[Dataset excerpts]
------------------------------------------------

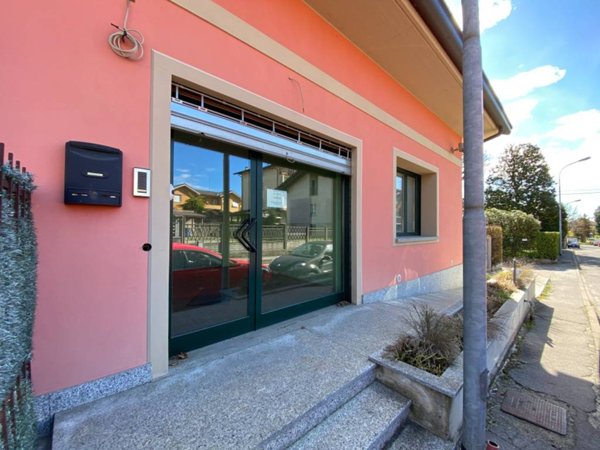 casa indipendente in vendita a Besana in Brianza in zona Villa Raverio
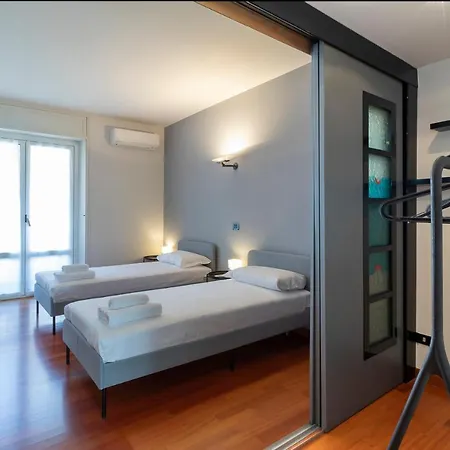 Altido Sleek Flat With Balcony, Walking Distance From Centre Apartment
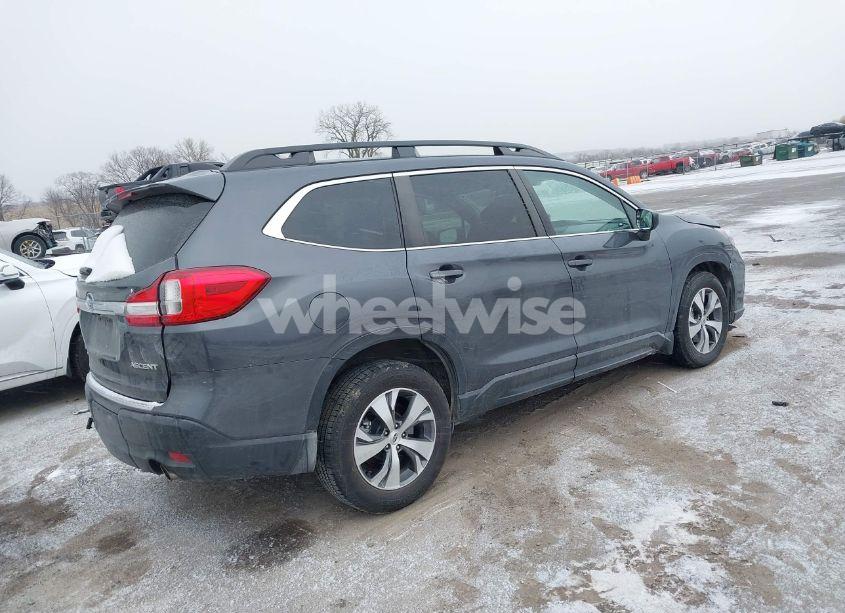 Photo 4 of 2021 Subaru Ascent PREMIUM (VIN 4S4WMAFD3M3429714)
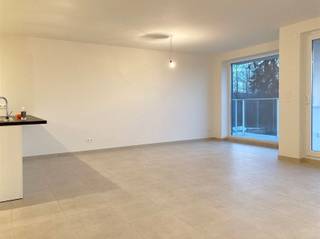 <p><span>2 slaapkamer appartement TE HUUR gelegen op de gelijkvloerse verdieping van de residentie "Paddenhoek" te Kluisbergen.</span></p><p><span>INDELING<br />Het appartement voorziet een living met open keuken voorzien van alle comfort, een ruime berging/wasplaats, 2 mooie slaapkamers, een badkamer met moderne inloopdouche en een gastentoilet. <br />Bovendien beschikt het appartement over een groot terras met tuintje.<br />Bij het appartement hoort een grote ondergondse garage.</span></p><p><span>TECHNISCH<br />Met een warmtepomp, vloerverwarming en ZONNEPANELEN is dit appartement ZEER energiezuinig!</span></p><p><span> LIGGING<br />Op wandelafstand van de AD Delhaize, bakker, beenhouwer.. heb je alles bij de hand. </span></p><p><span>Beschikbaar 01/10/2026</span></p><p><span>Benieuwd naar dit appartement?<br />Vraag uw bezoek aan via onze website www.immodhondt.be </span></p>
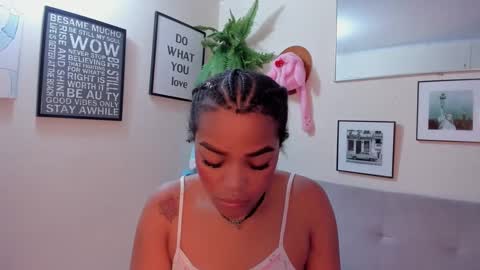 nicollet_ebony online show from January 11, 2025, 12:34 am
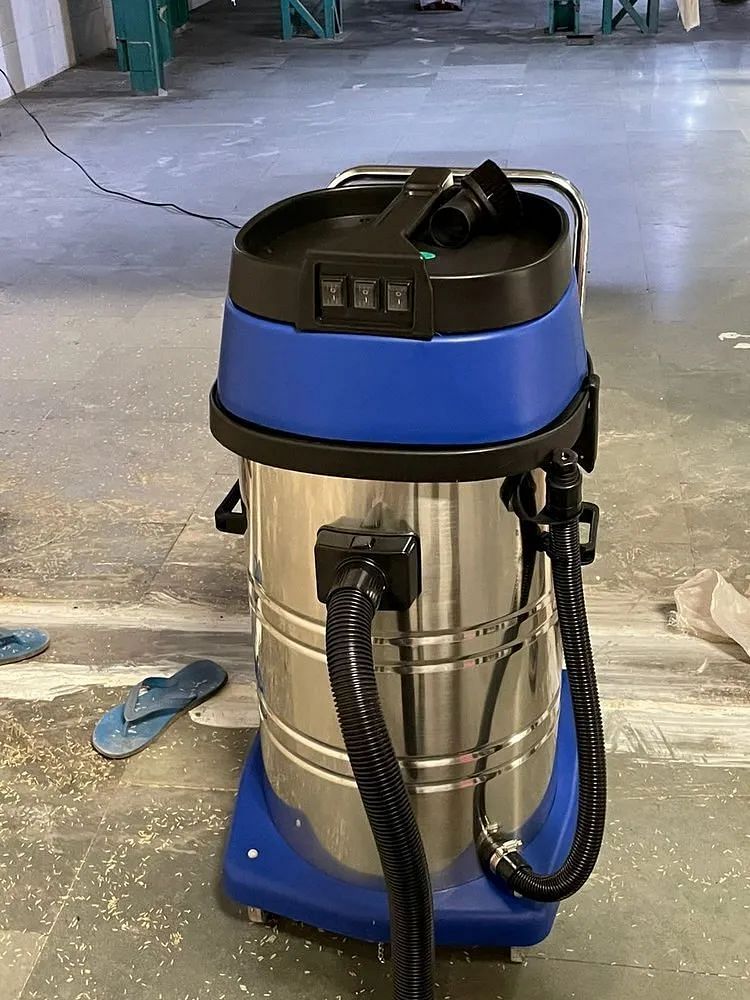 Industrial Vacuum Cleaning Machine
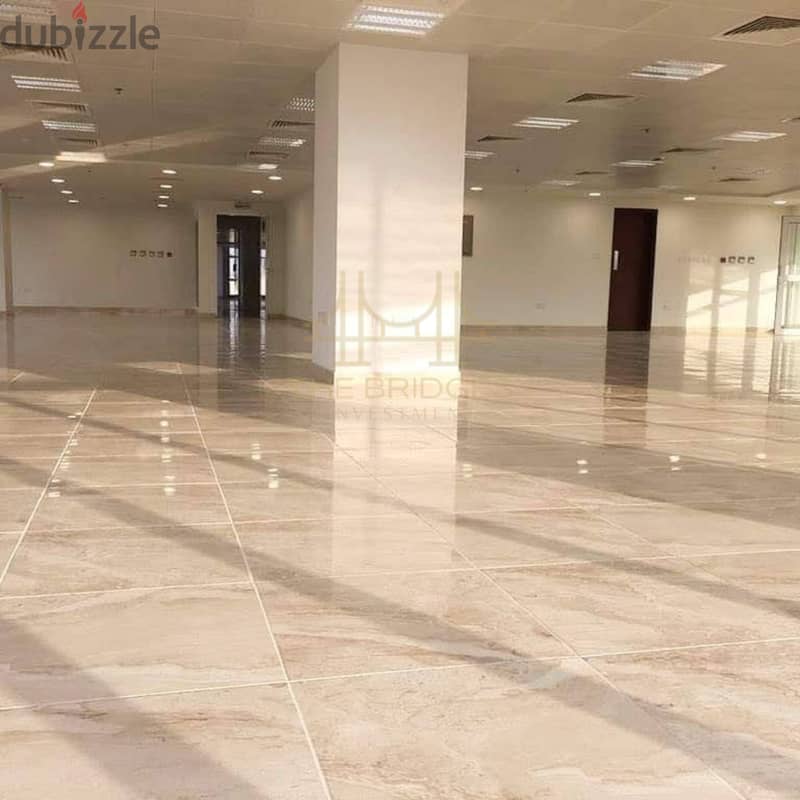 BEAUTIFUL OFFICE SPACE IN PRIME LOCATION FOR RENT 4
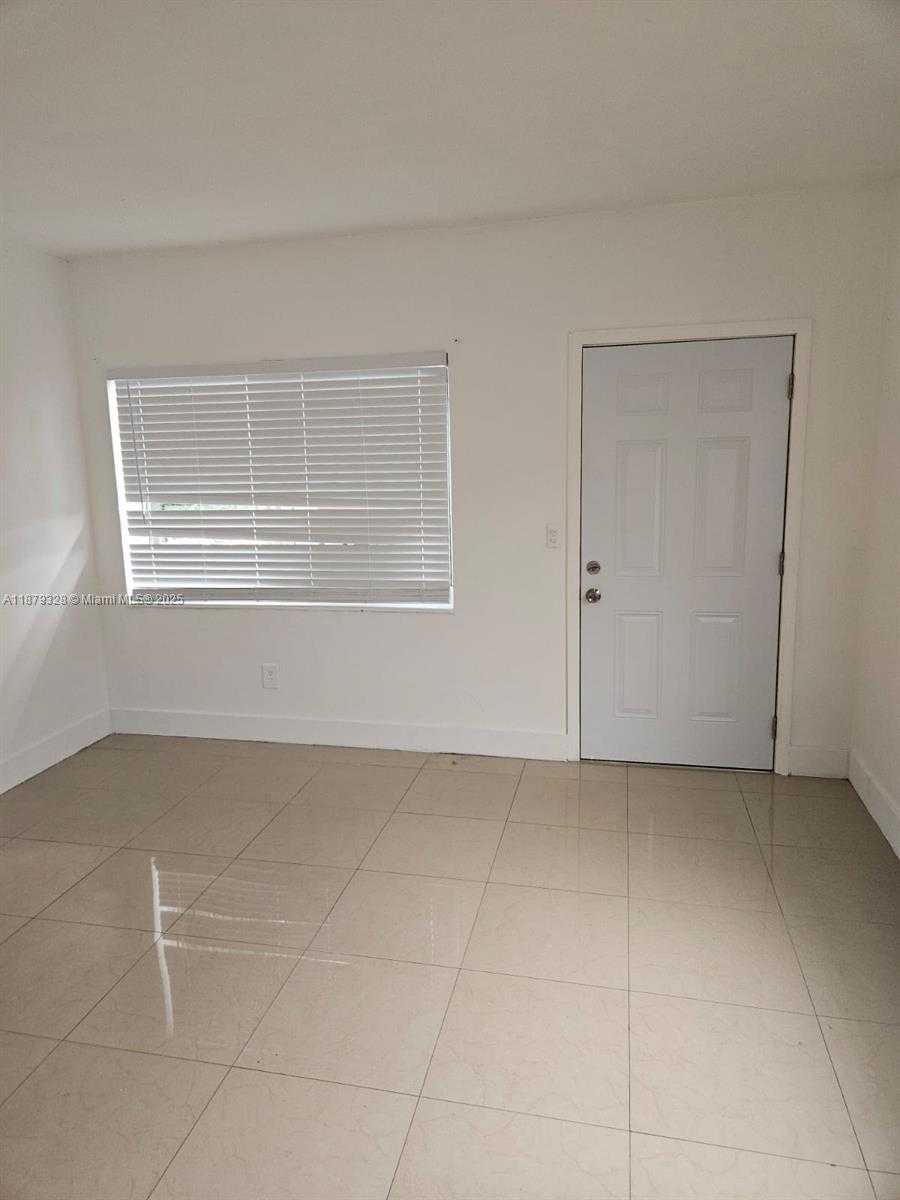 Small Image of 1135 EUCLID AVE #201, Miami Beach Number 14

------------------------------------------------

● Problem to solve
The exact lines from the beginning of the data through the one that contains "Photo 4 of 2021" must be given again, both ends included, and pictures must be left out.

● Problem solution
 casa indipendente in vendita a Besana in Brianza in zona Villa Raverio
 Altido Sleek Flat With Balcony, Walking Distance From Centre Apartment
 Photo 4 of 2021 Subaru Ascent PREMIUM (VIN 4S4WMAFD3M3429714)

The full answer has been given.